Because of the proximity of Falelauniu to the Robert Louis Stevenson College, counsel for the respondent submitted that there is a significant risk that the applicant may interfere with this police witness who is scared of the applicant because of what she claims to have been done by the applicant to her and her mother in the past.
What comes out quite clearly from the affidavits of Talei and Meaalii who had stayed together with the applicant and the deceased when she was alive is that these two police witnesses are very scared if the applicant is granted bail.
I have carefully weighed up the material placed before the Court and the submissions of counsel and I am satisfied that there is a real and significant risk that the applicant may interfere with police witnesses if granted bail.
(c) Third risk: Is there a risk that the applicant may offend while on bail?
I am not satisfied that the respondent has demonstrated that there is a real and significant risk that the applicant may reoffend if granted bail.

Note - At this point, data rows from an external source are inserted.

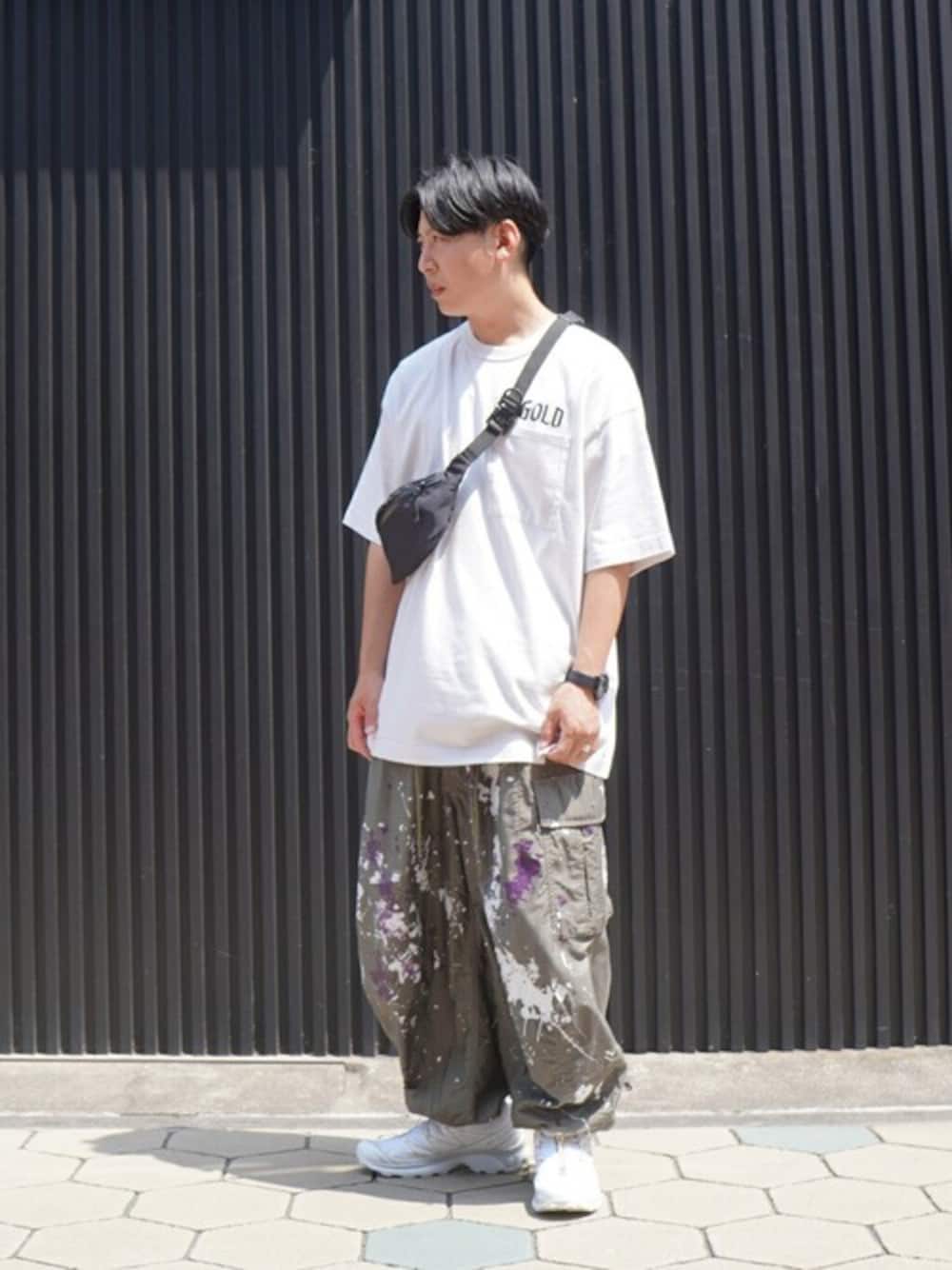 グレー系のTシャツ/カットソー、ホワイト系のスニーカー、ブラック系のボディバッグ/ウエストポーチを着用したメンズの夏コーディネートの1枚目の写真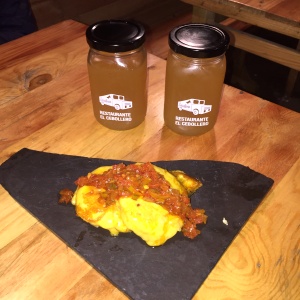 Arepa con hogao y limonada de panela 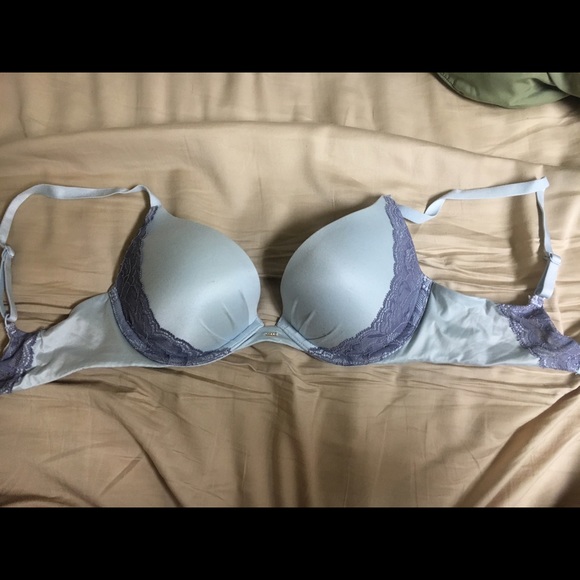 VS Victoria Secret 'fabulous' plunge 32D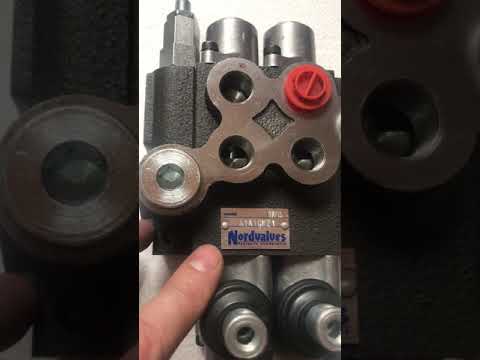 Видео: Подключение гидравлики на Kubota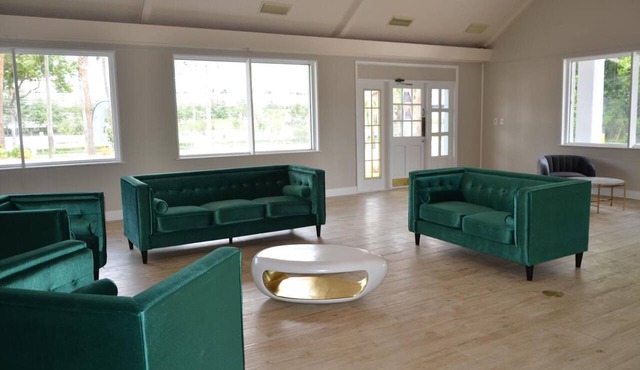 Altamonte Springs Hotel and Suites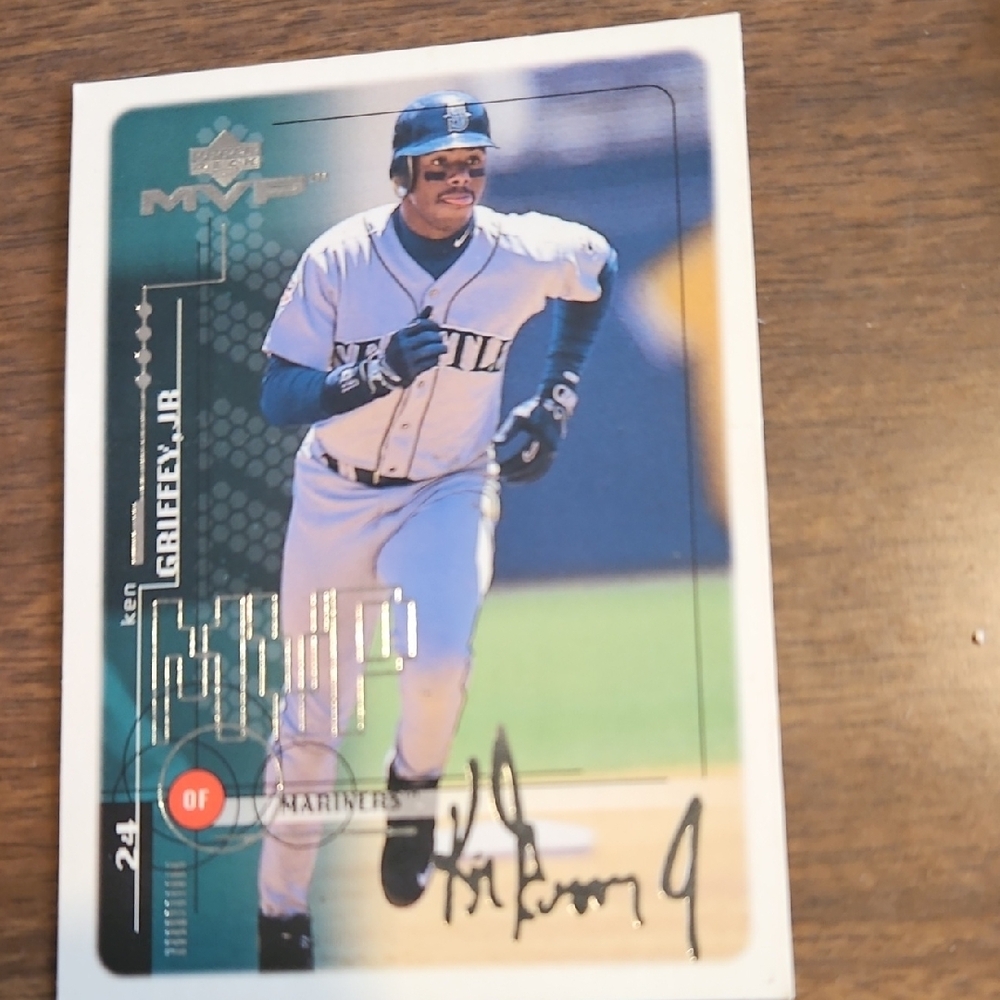 1999 Uppet Deck #53 Ken Griffey Jr. Baseball Card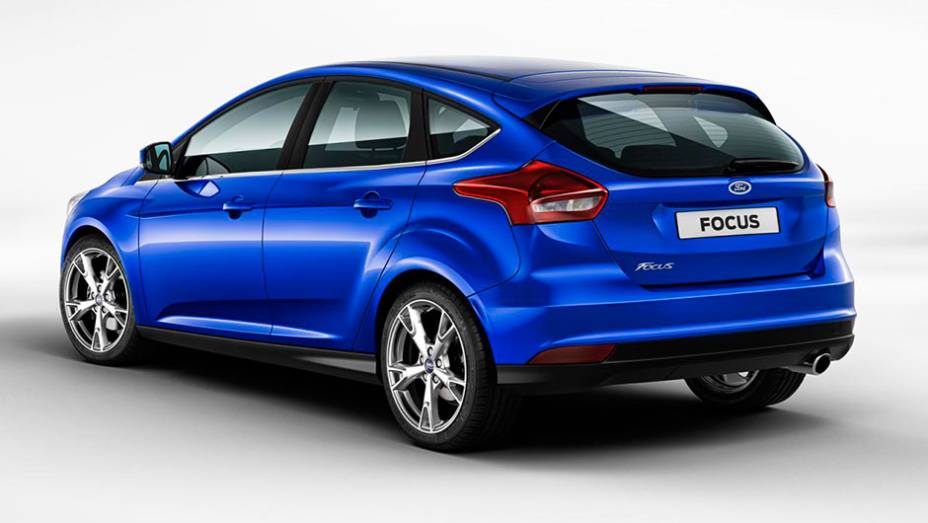 Modelo passou por facelift | <a href="https://quatrorodas.abril.com.br/noticias/saloes/genebra-2014/ford-levara-novo-focus-genebra-774357.shtml" rel="migration">Leia mais</a>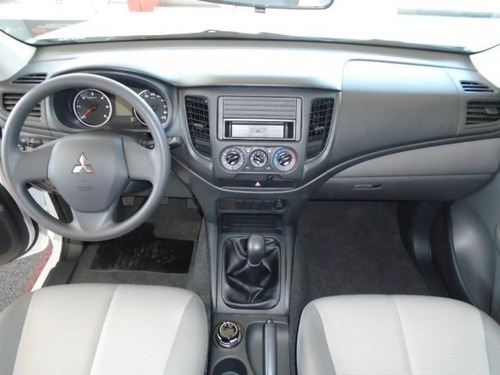 Imagem 4 de 11 de Mitsubishi L200 All New Triton Sport Gl 2.4 Mec., Mit0007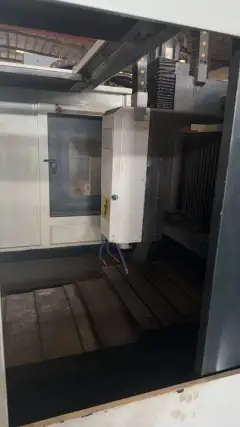 Used 650 CNC Engraving and Milling Machine with SYNTEC Control and Tool Magazine photo 4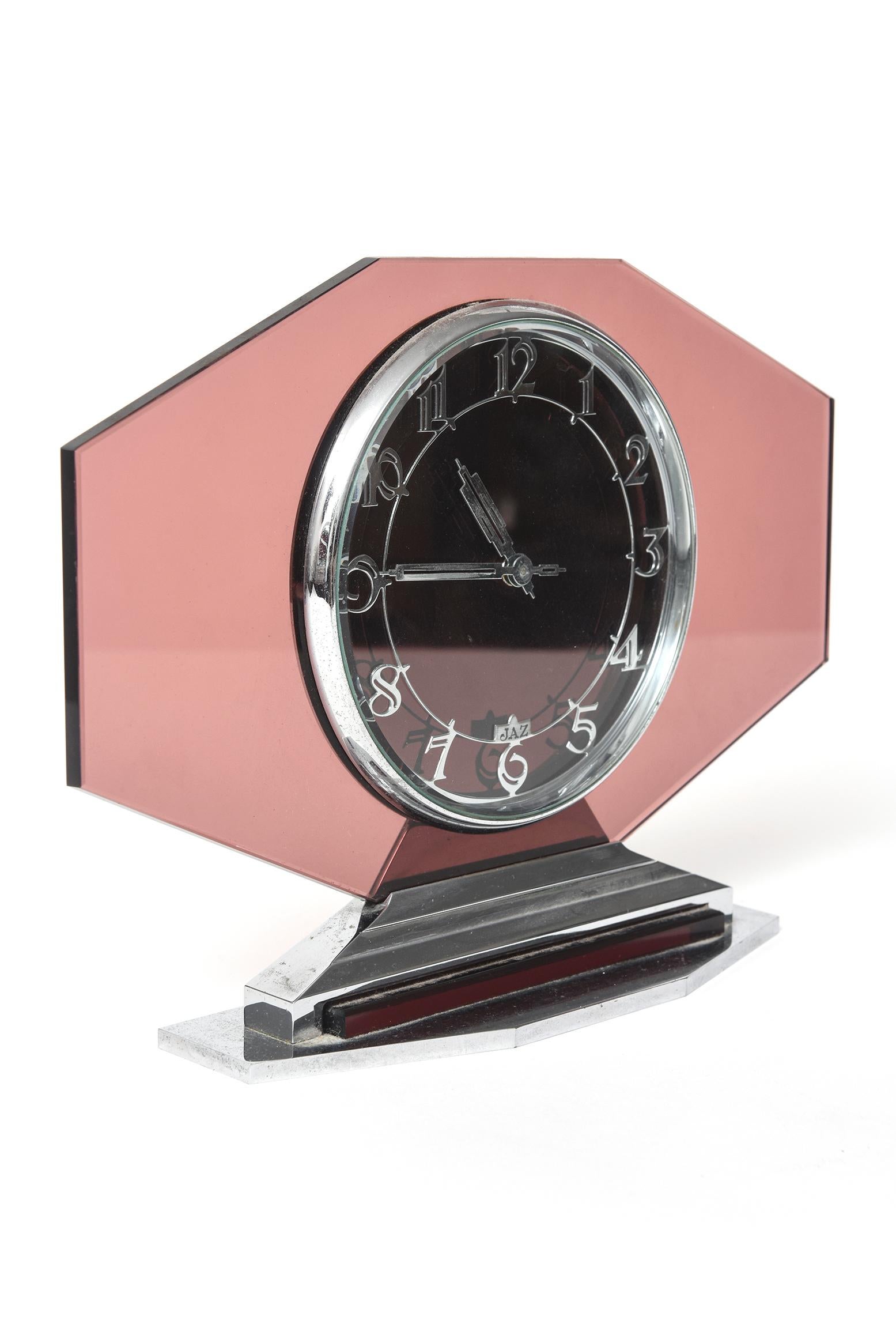 20ième siècle Horloge Art déco française en verre rose originale 8 jours des années 1930 par Jaz en vente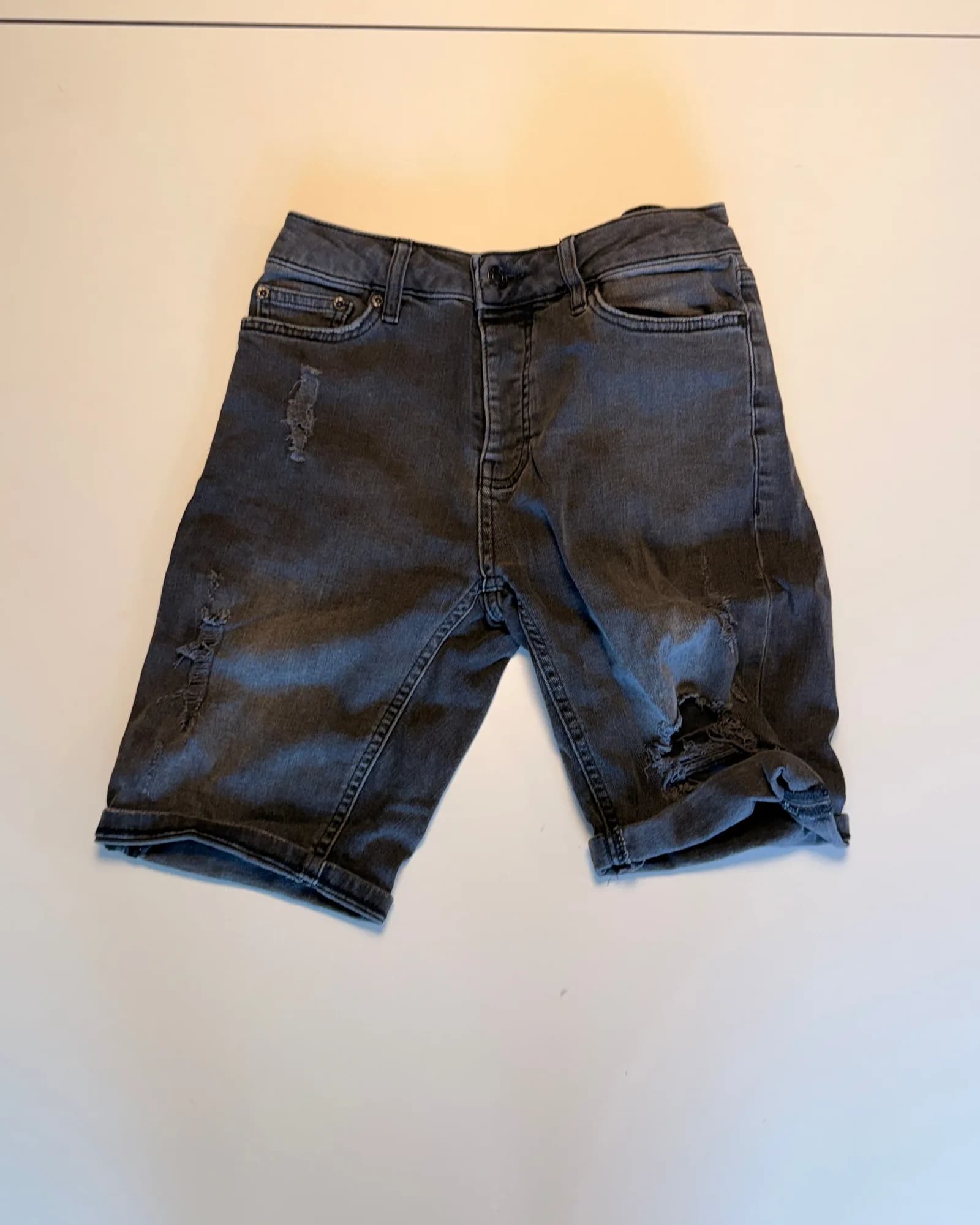 Unbranded מכנס ג׳ינס קצר, אפור כהה שחוק, מבט קדמי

This is separate from the risk of interfering with witnesses which can also amount to the offence of obstructing or perverting the course of justice.
The applicant has no criminal history of offending or offending while on bail. There is also nothing in the material before the Court to suggest with sufficient clarity that the applicant may reoffend if granted bail.
(d) Fourth issue: Is there any matter that would it make it unjust to detain the applicant?
The criminal cases already set down for hearing are now up to May 2019. It may be unjust to detain the applicant until that time because of the presumption of innocence.
Counsel for the respondent has agreed for this case to be heard in February 2019 and for some of the criminal cases already set down for that month to be moved.
That should answer any concern that if bail is denied the applicant will be kept in custody for about six months to await trial.
As I am satisfied that there is a real and significant risk that the applicant may interfere with police witnesses if granted bail and there is no other matter that would make it unjust to continue to detain the applicant, the application for bail is denied.
This matter is further adjourned for re-mention on Monday 10 December 2018 to set a hearing date in February 2019.